*** Opening of GIVEN ENTRIES ***

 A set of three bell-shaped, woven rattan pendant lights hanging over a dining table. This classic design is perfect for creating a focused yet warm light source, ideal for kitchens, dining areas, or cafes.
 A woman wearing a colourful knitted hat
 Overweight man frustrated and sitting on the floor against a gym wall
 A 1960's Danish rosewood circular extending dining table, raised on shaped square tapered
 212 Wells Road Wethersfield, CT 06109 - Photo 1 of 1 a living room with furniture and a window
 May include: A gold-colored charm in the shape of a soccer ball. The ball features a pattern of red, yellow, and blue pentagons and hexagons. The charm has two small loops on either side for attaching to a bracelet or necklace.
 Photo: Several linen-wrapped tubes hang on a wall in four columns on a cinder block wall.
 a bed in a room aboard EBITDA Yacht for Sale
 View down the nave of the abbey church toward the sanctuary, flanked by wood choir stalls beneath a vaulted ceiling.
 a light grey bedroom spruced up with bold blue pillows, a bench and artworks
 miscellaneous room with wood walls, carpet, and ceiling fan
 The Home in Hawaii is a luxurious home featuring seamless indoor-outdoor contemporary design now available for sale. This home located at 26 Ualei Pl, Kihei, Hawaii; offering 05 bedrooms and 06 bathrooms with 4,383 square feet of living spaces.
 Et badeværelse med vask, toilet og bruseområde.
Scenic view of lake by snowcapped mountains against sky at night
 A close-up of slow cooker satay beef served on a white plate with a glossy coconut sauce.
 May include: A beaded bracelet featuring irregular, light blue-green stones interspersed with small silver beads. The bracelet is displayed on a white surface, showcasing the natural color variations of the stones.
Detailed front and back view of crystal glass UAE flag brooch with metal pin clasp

*** Close of GIVEN ENTRIES ***

[ABOUT THIS TASK] All of the material above needs repeating. Keep it exact.

[SOLUTION TO THE EXERCISE]
 A set of three bell-shaped, woven rattan pendant lights hanging over a dining table. This classic design is perfect for creating a focused yet warm light source, ideal for kitchens, dining areas, or cafes.
 A woman wearing a colourful knitted hat
 Overweight man frustrated and sitting on the floor against a gym wall
 A 1960's Danish rosewood circular extending dining table, raised on shaped square tapered
 212 Wells Road Wethersfield, CT 06109 - Photo 1 of 1 a living room with furniture and a window
 May include: A gold-colored charm in the shape of a soccer ball. The ball features a pattern of red, yellow, and blue pentagons and hexagons. The charm has two small loops on either side for attaching to a bracelet or necklace.
 Photo: Several linen-wrapped tubes hang on a wall in four columns on a cinder block wall.
 a bed in a room aboard EBITDA Yacht for Sale
 View down the nave of the abbey church toward the sanctuary, flanked by wood choir stalls beneath a vaulted ceiling.
 a light grey bedroom spruced up with bold blue pillows, a bench and artworks
 miscellaneous room with wood walls, carpet, and ceiling fan
 The Home in Hawaii is a luxurious home featuring seamless indoor-outdoor contemporary design now available for sale. This home located at 26 Ualei Pl, Kihei, Hawaii; offering 05 bedrooms and 06 bathrooms with 4,383 square feet of living spaces.
 Et badeværelse med vask, toilet og bruseområde.
Scenic view of lake by snowcapped mountains against sky at night
 A close-up of slow cooker satay beef served on a white plate with a glossy coconut sauce.
 May include: A beaded bracelet featuring irregular, light blue-green stones interspersed with small silver beads. The bracelet is displayed on a white surface, showcasing the natural color variations of the stones.
Detailed front and back view of crystal glass UAE flag brooch with metal pin clasp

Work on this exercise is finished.